◆ EXERCISE INSTRUCTIONS ◆
Print all the records exactly, please.

+++++

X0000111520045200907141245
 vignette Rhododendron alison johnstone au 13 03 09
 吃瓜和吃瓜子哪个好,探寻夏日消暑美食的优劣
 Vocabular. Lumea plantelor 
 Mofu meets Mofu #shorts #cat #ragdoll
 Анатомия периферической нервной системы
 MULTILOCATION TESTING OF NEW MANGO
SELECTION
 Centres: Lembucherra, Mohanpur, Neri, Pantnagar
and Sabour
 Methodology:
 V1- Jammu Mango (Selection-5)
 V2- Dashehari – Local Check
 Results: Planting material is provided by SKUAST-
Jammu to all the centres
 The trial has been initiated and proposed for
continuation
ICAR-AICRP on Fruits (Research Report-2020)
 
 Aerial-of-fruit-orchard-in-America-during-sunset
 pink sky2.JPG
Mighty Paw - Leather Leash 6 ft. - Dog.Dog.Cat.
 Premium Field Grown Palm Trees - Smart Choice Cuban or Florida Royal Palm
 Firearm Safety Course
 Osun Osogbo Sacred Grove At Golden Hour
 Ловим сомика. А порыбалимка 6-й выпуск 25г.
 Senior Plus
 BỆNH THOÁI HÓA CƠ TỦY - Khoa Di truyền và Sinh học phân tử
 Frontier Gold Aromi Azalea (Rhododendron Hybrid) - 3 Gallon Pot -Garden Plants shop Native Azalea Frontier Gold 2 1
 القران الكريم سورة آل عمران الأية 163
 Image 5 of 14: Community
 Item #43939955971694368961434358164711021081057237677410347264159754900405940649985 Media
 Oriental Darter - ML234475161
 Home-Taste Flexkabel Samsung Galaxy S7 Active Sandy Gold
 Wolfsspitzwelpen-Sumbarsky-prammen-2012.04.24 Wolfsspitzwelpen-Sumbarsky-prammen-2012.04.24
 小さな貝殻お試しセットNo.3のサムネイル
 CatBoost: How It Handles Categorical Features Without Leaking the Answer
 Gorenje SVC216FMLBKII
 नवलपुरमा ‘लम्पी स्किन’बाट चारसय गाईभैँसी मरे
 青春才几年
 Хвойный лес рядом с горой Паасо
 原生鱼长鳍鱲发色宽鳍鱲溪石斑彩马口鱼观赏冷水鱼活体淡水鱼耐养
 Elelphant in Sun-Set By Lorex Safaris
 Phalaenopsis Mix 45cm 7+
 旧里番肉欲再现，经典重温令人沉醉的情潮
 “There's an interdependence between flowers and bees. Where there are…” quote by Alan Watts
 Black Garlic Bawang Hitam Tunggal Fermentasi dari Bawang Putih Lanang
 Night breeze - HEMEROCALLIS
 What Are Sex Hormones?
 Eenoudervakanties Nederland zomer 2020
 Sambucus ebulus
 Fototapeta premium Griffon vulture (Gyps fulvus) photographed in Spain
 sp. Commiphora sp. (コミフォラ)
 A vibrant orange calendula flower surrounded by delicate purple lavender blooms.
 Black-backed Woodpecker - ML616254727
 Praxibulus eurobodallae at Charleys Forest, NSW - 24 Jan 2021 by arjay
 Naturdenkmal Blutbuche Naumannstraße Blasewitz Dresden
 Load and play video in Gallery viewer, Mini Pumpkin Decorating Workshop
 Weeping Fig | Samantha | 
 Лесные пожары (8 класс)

+++++

◆ RESPONSE TO THIS EXERCISE ◆
X0000111520045200907141245
 vignette Rhododendron alison johnstone au 13 03 09
 吃瓜和吃瓜子哪个好,探寻夏日消暑美食的优劣
 Vocabular. Lumea plantelor 
 Mofu meets Mofu #shorts #cat #ragdoll
 Анатомия периферической нервной системы
 MULTILOCATION TESTING OF NEW MANGO
SELECTION
 Centres: Lembucherra, Mohanpur, Neri, Pantnagar
and Sabour
 Methodology:
 V1- Jammu Mango (Selection-5)
 V2- Dashehari – Local Check
 Results: Planting material is provided by SKUAST-
Jammu to all the centres
 The trial has been initiated and proposed for
continuation
ICAR-AICRP on Fruits (Research Report-2020)
 
 Aerial-of-fruit-orchard-in-America-during-sunset
 pink sky2.JPG
Mighty Paw - Leather Leash 6 ft. - Dog.Dog.Cat.
 Premium Field Grown Palm Trees - Smart Choice Cuban or Florida Royal Palm
 Firearm Safety Course
 Osun Osogbo Sacred Grove At Golden Hour
 Ловим сомика. А порыбалимка 6-й выпуск 25г.
 Senior Plus
 BỆNH THOÁI HÓA CƠ TỦY - Khoa Di truyền và Sinh học phân tử
 Frontier Gold Aromi Azalea (Rhododendron Hybrid) - 3 Gallon Pot -Garden Plants shop Native Azalea Frontier Gold 2 1
 القران الكريم سورة آل عمران الأية 163
 Image 5 of 14: Community
 Item #43939955971694368961434358164711021081057237677410347264159754900405940649985 Media
 Oriental Darter - ML234475161
 Home-Taste Flexkabel Samsung Galaxy S7 Active Sandy Gold
 Wolfsspitzwelpen-Sumbarsky-prammen-2012.04.24 Wolfsspitzwelpen-Sumbarsky-prammen-2012.04.24
 小さな貝殻お試しセットNo.3のサムネイル
 CatBoost: How It Handles Categorical Features Without Leaking the Answer
 Gorenje SVC216FMLBKII
 नवलपुरमा ‘लम्पी स्किन’बाट चारसय गाईभैँसी मरे
 青春才几年
 Хвойный лес рядом с горой Паасо
 原生鱼长鳍鱲发色宽鳍鱲溪石斑彩马口鱼观赏冷水鱼活体淡水鱼耐养
 Elelphant in Sun-Set By Lorex Safaris
 Phalaenopsis Mix 45cm 7+
 旧里番肉欲再现，经典重温令人沉醉的情潮
 “There's an interdependence between flowers and bees. Where there are…” quote by Alan Watts
 Black Garlic Bawang Hitam Tunggal Fermentasi dari Bawang Putih Lanang
 Night breeze - HEMEROCALLIS
 What Are Sex Hormones?
 Eenoudervakanties Nederland zomer 2020
 Sambucus ebulus
 Fototapeta premium Griffon vulture (Gyps fulvus) photographed in Spain
 sp. Commiphora sp. (コミフォラ)
 A vibrant orange calendula flower surrounded by delicate purple lavender blooms.
 Black-backed Woodpecker - ML616254727
 Praxibulus eurobodallae at Charleys Forest, NSW - 24 Jan 2021 by arjay
 Naturdenkmal Blutbuche Naumannstraße Blasewitz Dresden
 Load and play video in Gallery viewer, Mini Pumpkin Decorating Workshop
 Weeping Fig | Samantha | 
 Лесные пожары (8 класс)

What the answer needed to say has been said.